Sunday, February 12, 2012

Thoughts on the Heisenberg Uncertainty Principle


Think of the perfect chess game. It's out there- if you examined every possible combination of moves, there would be a single game of perfect chess. It could end in one player winning every time, or it would end in a draw every time.

If this game were ever discovered, chess would die. It would no longer be interesting anymore. Chess would become tic-tac-toe, in which perfect play on both sides results in the same conclusion every time.

Now think of the universe. If we could hyper examine the physics of everything down to the most minute detail, we could write laws which describe the order of the universe completely. With enough computing power, the universe would turn into the perfect game of chess- perfectly analyzed, nothing unexpected, no more fun, no more excitement. The universe would turn into tic-tac-toe.

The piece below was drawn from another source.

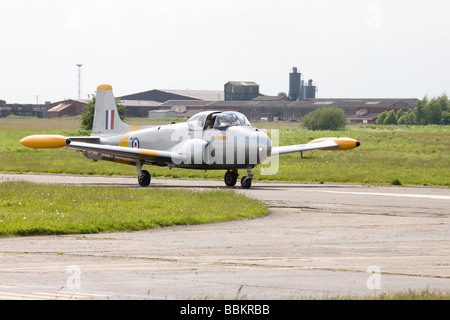 British Aerospace P84 Jet Provost T4 XR673 G-BXLO nach der Landung am Flugplatz Sandtoft in Rollen Stockfoto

Fortunately for us, a guy named Heisenberg came along and discovered something known as the uncertainty principle. The uncertainty principle dictates that there is a fundamental limit placed upon the accuracy with which we can know certain pairs of properties of particles (for example, position and momentum). Because of this, we cannot create a perfect model of our universe, and cannot predict based on physics what the future will be like.

If our universe is the creation of God, he made the universe interesting. He created a world which can never be turned into the perfect game of chess, nor the boring monotony of consecutive games of tic-tac-toe. He made a universe which will never, ever cease to surprise us.